Task: The line with "Prophet David Owuor" marks where to begin; print it and all lines after it in the material below exactly, skipping pictures.

Available data:
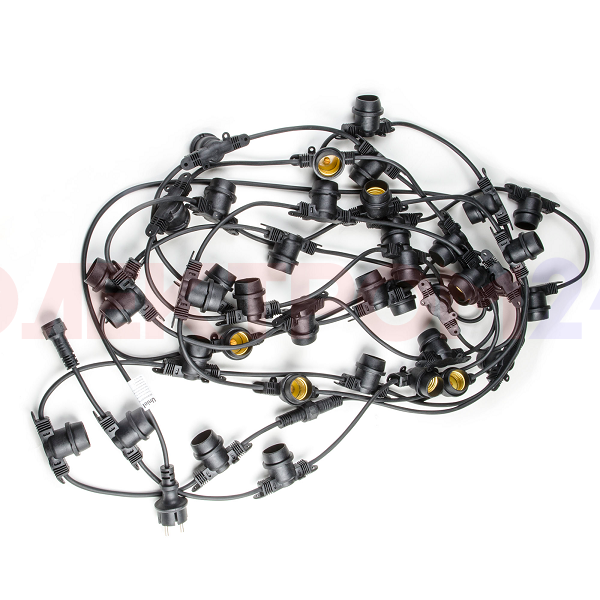 UDL-K120 200-E27-100M IP65 BLACK BELT-LIGHT Гирлянда Белт-лайт.100 м+1.5м шнур.200 патронов шаг 50см UDL-K120 200-E27-100M IP65 BLACK BELT-LIGHT Гирлянда Белт-лайт.100 м+1.5м шнур.200 патронов шаг 50см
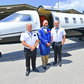 Prophet David Owuor with two pilots of a private jet he was honoured with for his gospel activitIes during his Brazil mission.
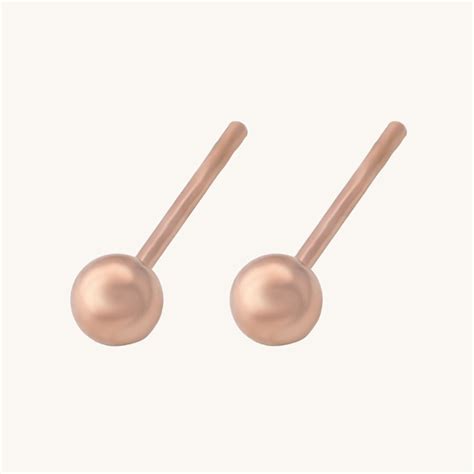 Buy Plain Ball Stud Earrings online- Palmonas – PALMONAS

Your response:
 Prophet David Owuor with two pilots of a private jet he was honoured with for his gospel activitIes during his Brazil mission.
 Buy Plain Ball Stud Earrings online- Palmonas – PALMONAS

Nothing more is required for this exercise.